Nas minhas viagens pelo país, há um elemento que me fascina tanto como inquieta – as ruínas de edifícios e estruturas abandonadas, ora pontuando paisagens como chagas pulurentas, ora agigantando-se tragicamente em zonas industriais, ora alastram em impotência em aldeias, vilas e cidades.
Ao fascínio estético das leituras da luz, das cores e das sombras, dos desafios da desconstrução e da imaginação, alia-se a interpelação por vezes angustiada da memória: que homens e mulheres povoaram estes agora-destroços, o que se pensou e melhor ou pior se fez, que sonhos se construíram ou se frustraram, que riquezas se produziram ou se desmoronaram, que futuros se não cumpriram, neste chalé escanzelado entre pinheiros-mansos a olhar um mar antigo, nesta fábrica esventrada e chaminé periclitante e teimosamente hasteada, neste sanatório acometido de silvados e desespero, nesta estação de caminho-de-ferro enferrujada e destino único para o passado?...

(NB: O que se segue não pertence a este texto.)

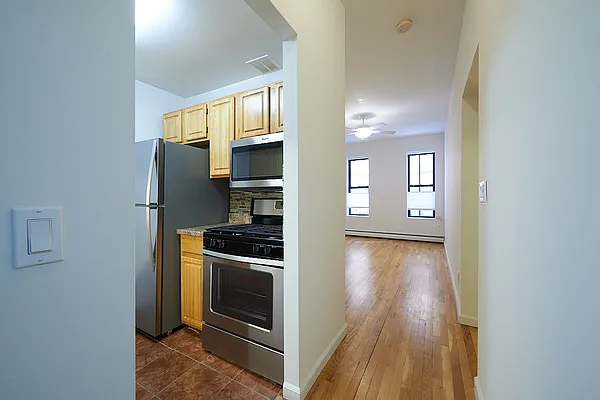 Rented by Perry Associates NYC Inc | media 9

Deu-se o caso, há uma semana, de a RTP2 transmitir (enfim, a uma hora discutível, meia-noite e meia…) o impressionante e celebrado documentário “Ruínas”, de Manuel Mozos (estreado no ano passado, mas que, por desgraça, eu não tivera oportunidade de ver), respondendo àquelas minhas inquietações e a tantas outras, numa fabulosa releitura das imagens de muitos dos sítios que conheço a partir de textos das mais variadas e surpreendentes extracções – da literatura, divulgação do património, correspondência comercial e íntima, preçários e facturas, por aí adiante.
Permiti-me abusar da vossa paciência neste meu exercício para tentar chegar a uma hipótese: numa arquitectura de serviço público de televisão assente num dispositivo de canais mais reduzido (portanto, um canal em vez da RTP1 e da RTP2), eu não teria tido oportunidade de ver as “Ruínas” de Manuel Mozos.
Abusei também da vossa benevolência com este testemunho pessoal, falando de um exemplo como poderia falar de muitos outros, para prometer discutir proximamente o serviço público justamente a partir dos conteúdos.